3. The rail vehicle according to claim 2, wherein said instantaneous center is situated in said center of gravity of said car body.

4. The rail vehicle according to claim 1, wherein: said car body has a center of gravity defining a line of action of the force of gravity through said center of gravity of said car body; and said at least one chassis connected to said car body by said at least one active tilting technology system has an instantaneous center lying next to said line of action in every tilted state of the car body.

5. The rail vehicle according to claim 1, which further comprises rollers running in roller tracks and pivotably supporting said car body on said at least one further chassis connected to said passive tilting technology system.

6. The rail vehicle according to claim 1, which further comprises a pendulum mechanism pivotably connecting said car body to said at least one chassis connected to said at least one active tilting technology system.

7. The rail vehicle according to claim 1, which further comprises rollers running in roller tracks and pivotably supporting said car body on all of said chassis connected to said at least one passive tilting technology system and on all of said chassis connected to said at least one active tilting technology system.

Description

BRIEF DESCRIPTION OF THE SEVERAL VIEWS OF THE DRAWING

(1) The invention is explained in greater detail with reference to exemplary schematic figures in which:

(2) FIG. 1 shows an inventive rail vehicle having tilting technology;

(3) FIG. 2a shows a view of an inventive rail vehicle in the section A;

(4) FIG. 2b shows a view of an inventive rail vehicle having a tilted car body in the section A;

(5) FIG. 3a shows a view of an inventive rail vehicle in the section B; and

(6) FIG. 3b shows a view of an inventive rail vehicle having a tilted car body in the section B.

DESCRIPTION OF THE INVENTION

(7) The rail vehicle 1 illustrated in FIG. 1 has a first chassis 3 and a second chassis 6. A car body 2 having a longitudinal axis 15 is supported on the chassis 3, 6. The second chassis 6 is connected to the car body 2 via an active tilting technology system 4, and the first chassis 3 is connected to the car body 2 via a passive tilting technology system 5. When the rail vehicle 1 travels through a curve, the tilt of the car body 2 is applied exclusively by means of the active tilting technology system 4. The chassis 3 having the passive tilting technology system 5 follows the movements of the active tilting technology system 4, but does not include any devices or actuators for the purpose of actively assisting a tilt of the car body 2.

(8) FIG. 2a illustrates the rail vehicle 1 in the section A. The car body 2 is pivotably supported, by means of rollers 7 running in roller tracks 8, on the first chassis 3 having the passive tilting technology system 5. The car body 2 can pivot about the instantaneous center P. The chassis 3 does not include any devices for actively assisting the tilt of the car body 2. The rail vehicle 1 is illustrated in an untilted state, i.e. the horizontal basic state.
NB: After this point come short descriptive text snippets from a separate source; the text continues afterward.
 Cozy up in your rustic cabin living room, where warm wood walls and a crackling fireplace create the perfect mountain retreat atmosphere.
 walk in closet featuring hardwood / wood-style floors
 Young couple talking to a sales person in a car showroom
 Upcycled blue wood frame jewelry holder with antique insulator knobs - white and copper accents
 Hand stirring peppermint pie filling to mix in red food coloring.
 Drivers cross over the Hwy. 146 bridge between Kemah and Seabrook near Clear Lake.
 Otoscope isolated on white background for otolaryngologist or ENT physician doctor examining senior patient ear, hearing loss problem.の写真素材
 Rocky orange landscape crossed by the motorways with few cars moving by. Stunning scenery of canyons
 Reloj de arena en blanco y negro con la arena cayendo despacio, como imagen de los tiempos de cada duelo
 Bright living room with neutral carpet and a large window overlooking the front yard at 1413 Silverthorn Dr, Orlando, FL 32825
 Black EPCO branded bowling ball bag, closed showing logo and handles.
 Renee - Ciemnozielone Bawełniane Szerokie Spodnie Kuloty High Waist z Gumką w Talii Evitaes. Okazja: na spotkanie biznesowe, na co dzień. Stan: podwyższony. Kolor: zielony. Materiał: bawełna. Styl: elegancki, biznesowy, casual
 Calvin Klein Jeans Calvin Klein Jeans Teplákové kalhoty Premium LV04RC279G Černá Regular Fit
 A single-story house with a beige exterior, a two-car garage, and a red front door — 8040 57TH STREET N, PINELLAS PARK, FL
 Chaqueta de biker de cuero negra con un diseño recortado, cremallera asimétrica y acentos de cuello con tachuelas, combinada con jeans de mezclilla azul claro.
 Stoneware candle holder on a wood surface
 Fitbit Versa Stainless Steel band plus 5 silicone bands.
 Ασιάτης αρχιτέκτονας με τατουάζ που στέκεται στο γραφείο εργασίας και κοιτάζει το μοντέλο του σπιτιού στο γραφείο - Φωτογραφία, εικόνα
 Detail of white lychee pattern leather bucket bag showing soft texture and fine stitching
The roller tracks 8 are tilted in different directions, such that their extensions intersect at a point in the same way as the limbs of a V. The rollers 7 and the roller tracks 8 are so arranged as to be essentially symmetrical relative to the longitudinal axis 15 or to a vertical plane through the longitudinal axis 15 of the car body 2.

(9) FIG. 2b shows the rail vehicle 1 having a tilted car body 2, again in the section A. The car body 2 is pivotably supported, by means of rollers 7 running in roller tracks 8, on the first chassis 3 having the passive tilting technology system 5. The car body 2 can pivot about the instantaneous center P. In comparison with the illustration in FIG. 2a, the car body 2 is tilted in the first tilt direction 16, and is therefore in the tilted state. The position of the instantaneous center P does not change during the tilting process of the car body 2its position therefore coincides with the instantaneous center P in every tilted state of the car body 2. The instantaneous center P is the axis of rotation of the car body 2 in the tilted state at an angular instant. The passive tilting technology system 5 has an instantaneous center P which is preferably situated in the center of gravity S of the car body 2 in every tilted state of the car body 2. In this case, the force of gravity does not exert any righting moment which returns the car body 2 back to the horizontal basic state due to the force of gravity. The tilted state of the car body 2 can only be returned to the basic state again by means of external dynamic effect.

(10) The tilt of the car body 2 is applied solely by the second chassis 6 having the active tilting technology system 4.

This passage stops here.